La Commission des Lois, de la Décentralisation, du Travail et des Droits humains s’est réunie le samedi 31 août 2024, sous la présidence de Monsieur Moussa DIAKHATE, Président de ladite Commission, à l’effet d’examiner le projet de loi n°11/2024 portant révision de la Constitution.

Le Gouvernement était représenté par Monsieur Ousmane DIAGNE, Ministre de la Justice, Garde des Sceaux et Monsieur Yankhoba DIEME, Ministre du Travail, de l’Emploi et des Relations avec les Institutions, assistés de leurs principaux collaborateurs.

Ouvrant la séance, Monsieur le Président a, d’abord, au nom de la Commission, souhaité la bienvenue à Messieurs les Ministres et à leurs collaborateurs.

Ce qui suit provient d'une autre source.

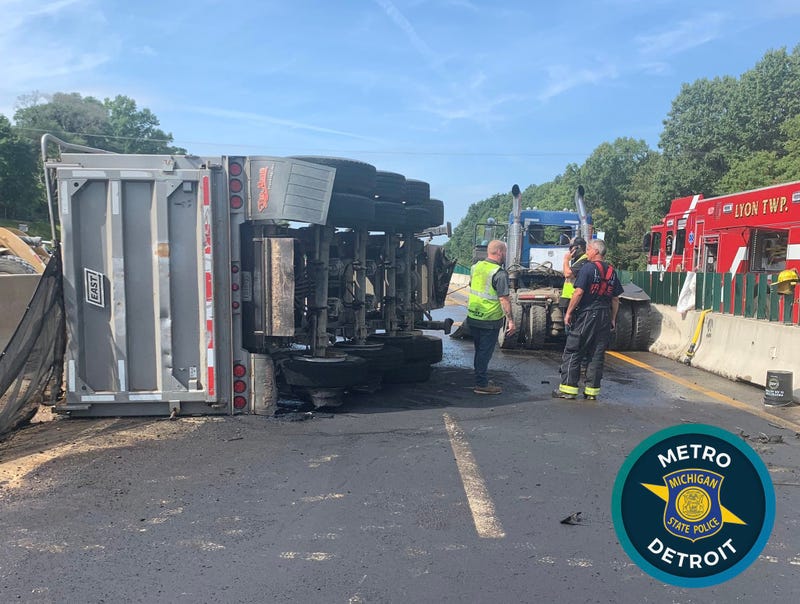 An overturned gravel hauler and hundreds of gallons of leaked fuel are hindering clean up efforts from a crash that injured two people on I-96 in Oakland County, officials say.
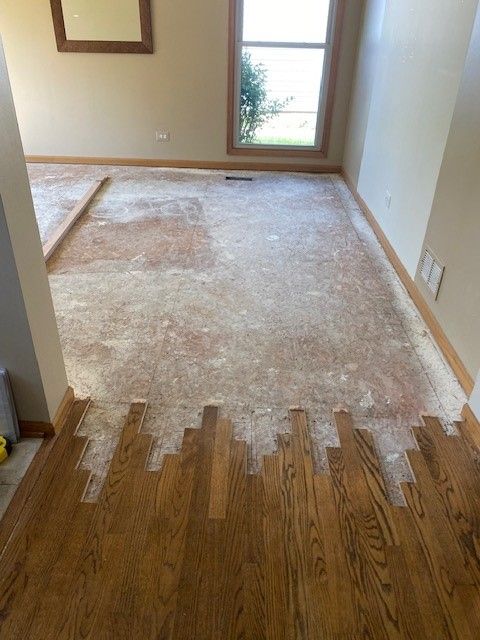a living room with hardwood floors and a window.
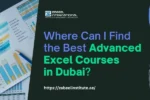 A collage of charts and graphs on a desk with a laptop, emphasizing the search for advanced Excel courses in Dubai.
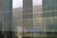 A blurred view through a reflective glass window showing faint outlines of structures outside, with a wheelchair accessibility symbol visible on the glass.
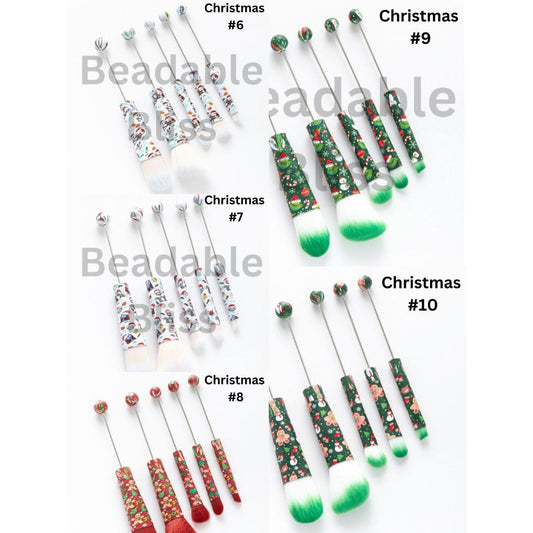 Set of Christmas-themed crochet hooks with decorative handles on a white background.


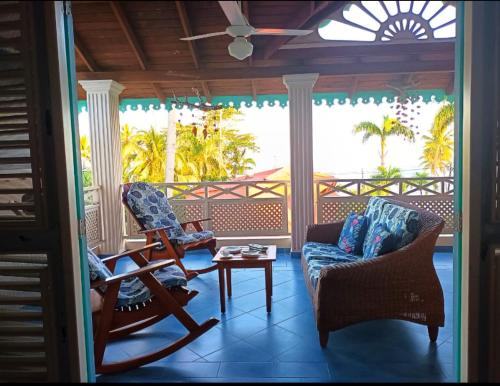 a living room with two chairs and a table at A La Dolce Vita Beachfront Hotels, Las Terrenas, Samana in Las Terrenas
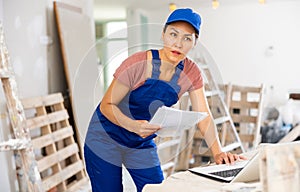 Woman builder checking documentation, using laptop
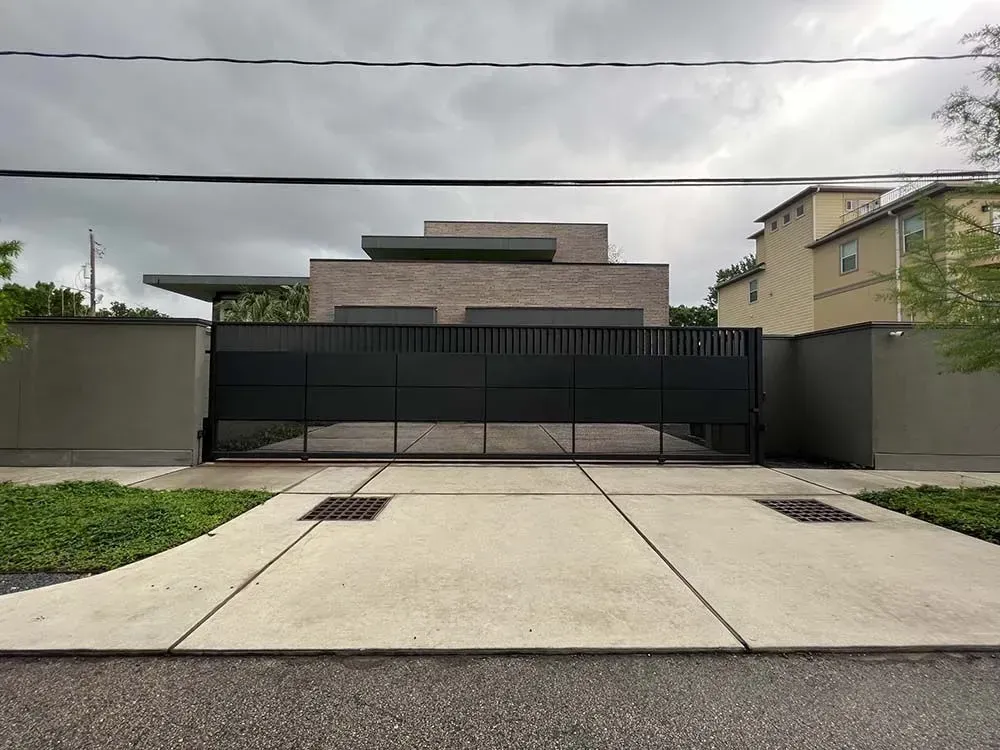 Modern home behind a black gate on a concrete driveway, under a cloudy sky.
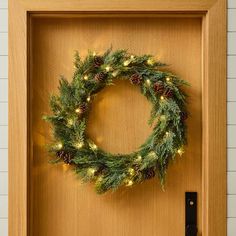 a christmas wreath on a door with lights and pine cones hanging from the front frame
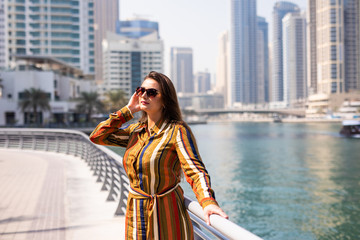 Happy beautiful tourist woman in fashionable summer dress and sunglasses walking in Dubai marina in United Arab Emirates. Luxury and comfortable tourism season in UAE. Warm summer day.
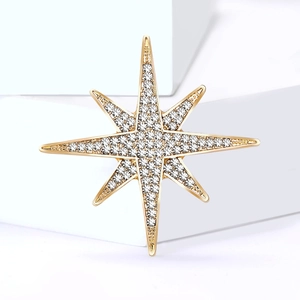 Exquisite gold eight-pointed star brooch set with brilliant zircons on a white platform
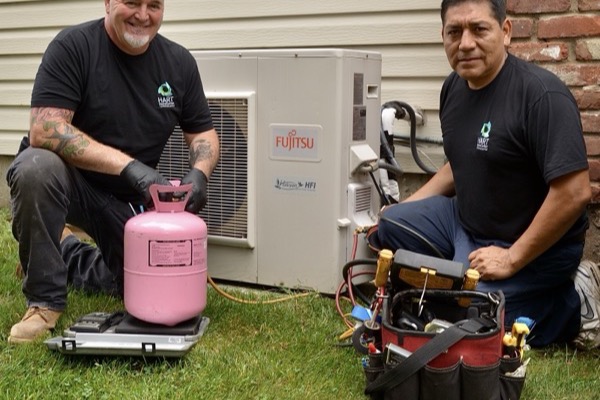 Babylon, NY technicians preparing for air conditioning installation with tools and equipment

Il leur a, ensuite, adressé ses félicitations et encouragements, avant d’inviter Monsieur le Ministre de la Justice, Garde des Sceaux à présenter l’exposé des motifs justifiant l’élaboration dudit projet de loi.

À l’entame de son propos, Monsieur le Ministre a adressé ses chaleureuses salutations à Monsieur le Président et à tous les membres de la Commission. Il s’est, ensuite, réjoui d’être devant les Représentants du peuple, pour aborder la réforme proposée par le Gouvernement.

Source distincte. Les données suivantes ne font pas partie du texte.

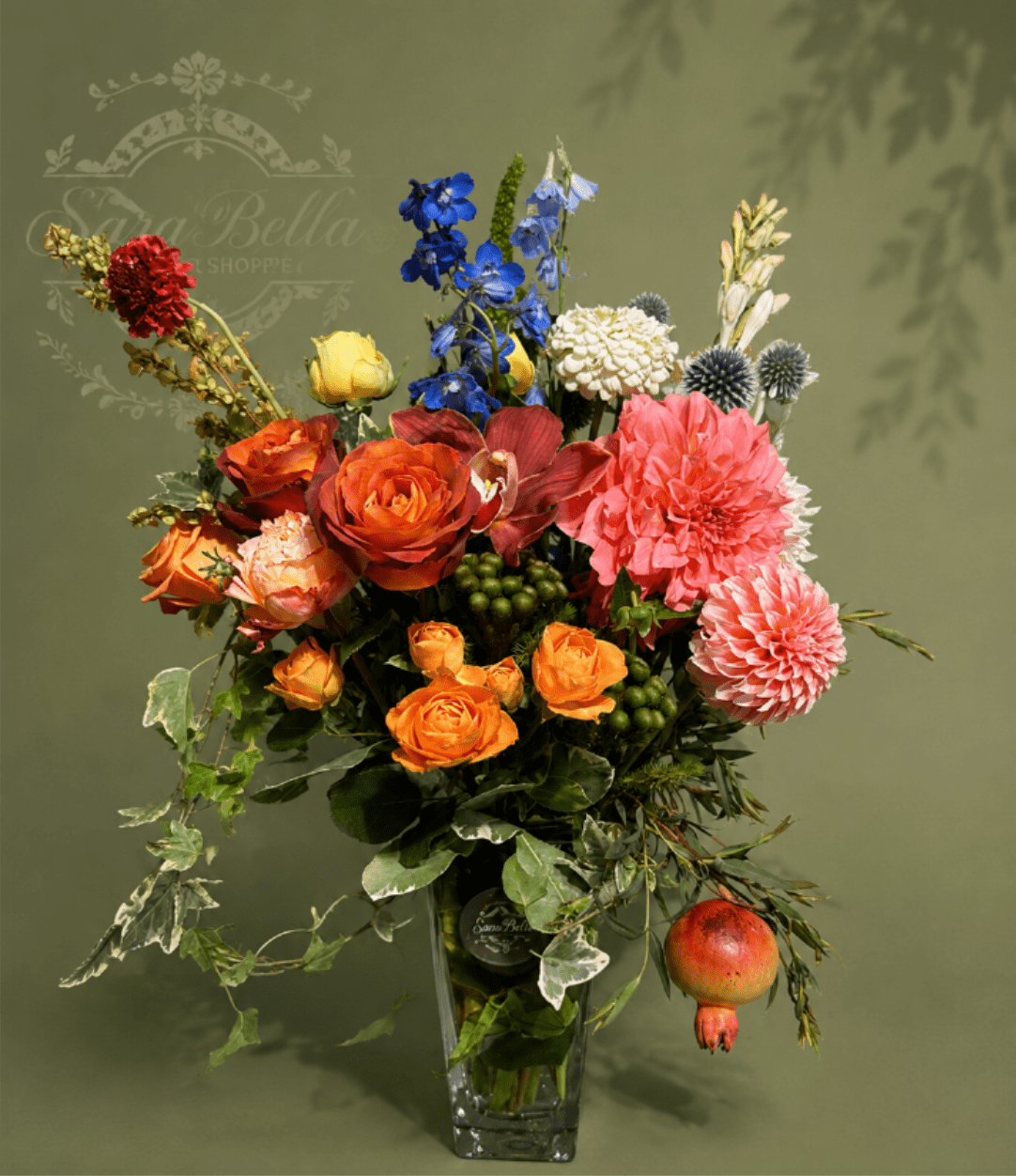 Sunset Orchard - An elegant arrangement of warm garden roses, vibrant dahlias, seasonal blooms, and lush greenery, finished with orchard-inspired textures for a naturally sophisticated look.
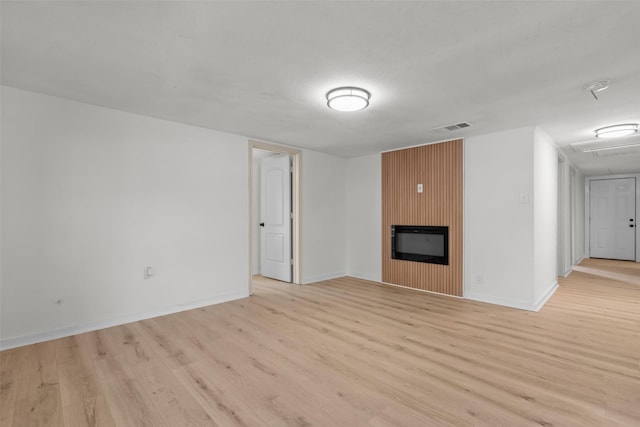 unfurnished living room featuring a large fireplace and light hardwood / wood-style flooring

Relativement à l’exposé des motifs, Monsieur le Ministre a indiqué que la transformation systémique voulue, dans la mise en œuvre du « Projet pour un Sénégal souverain, juste et prospère », nécessite de réviser la liste des Institutions de la République.

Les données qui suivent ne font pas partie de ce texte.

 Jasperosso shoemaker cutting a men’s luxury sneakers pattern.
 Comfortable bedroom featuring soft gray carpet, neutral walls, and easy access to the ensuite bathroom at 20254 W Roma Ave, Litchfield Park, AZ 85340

En effet, la rationalisation, dira-t-il, des charges publiques et l’optimisation des ressources de l’État exigent la dissolution de certaines Institutions constitutionnelles.
Monsieur le Ministre a clos sa lecture de l’exposé des motifs en précisant que la dissolution du Haut Conseil des Collectivités territoriales (HCCT) et du Conseil économique, social et environnemental (CESE) vise, dans le cadre de la consolidation d’un pragmatisme institutionnel, l’amélioration du système de prise de décision des pouvoirs publics et la réduction notable du train de vie de l’État.

Intervenant à leur tour, vos Commissaires ont adressé leurs félicitations et encouragements à Messieurs les Ministres, avant de faire part de leurs préoccupations et suggestions qui, pour l’essentiel, se résument aux points ci-après :
D’emblée, certains Commissaires ont rappelé qu’à l’occasion de la dernière élection présidentielle, le Chef de l’État, Bassirou Diomaye Diakhar FAYE, avait pris l’engagement de rationaliser les institutions, notamment, en supprimant celles jugées budgétivores. En soumettant à la Représentation nationale cette présente réforme qui vise la suppression du HCCT et du CESE, il respecte sa parole et honore ainsi son engagement.

Ils ont, dans la même veine, déclaré que les députés issus de l’inter coalition Yewwi-Wallou avaient considéré que ces deux (02) institutions étaient non seulement budgétivores, mais socialement rejetées et politiquement inutiles.

Selon eux, celles-ci n’ont jamais produit un avis sur lequel le Chef de l’État s’est appuyé, pour engager une réforme majeure en vue d’améliorer les conditions socio-économiques des populations. D’ailleurs, beaucoup de sénégalais ignorent le rôle ou l’apport de ces institutions qui coûtent cher à l’État et ne servent qu’à caser une clientèle politique.

S’agissant du HCCT, diront-ils, il n’est pas parvenu à apporter une solution appropriée permettant de mettre fin à la grève des travailleurs des collectivités territoriales qui dure depuis des années. En outre, ils ont mentionné l’existence d’un chevauchement entre les missions du HCCT et celles dévolues à certains services de l’État tels que l’Agence de Développement municipal (ADM), l’Agence de Développement local (ADL) et l’Agence nationale de l’Aménagement du Territoire (ANAT).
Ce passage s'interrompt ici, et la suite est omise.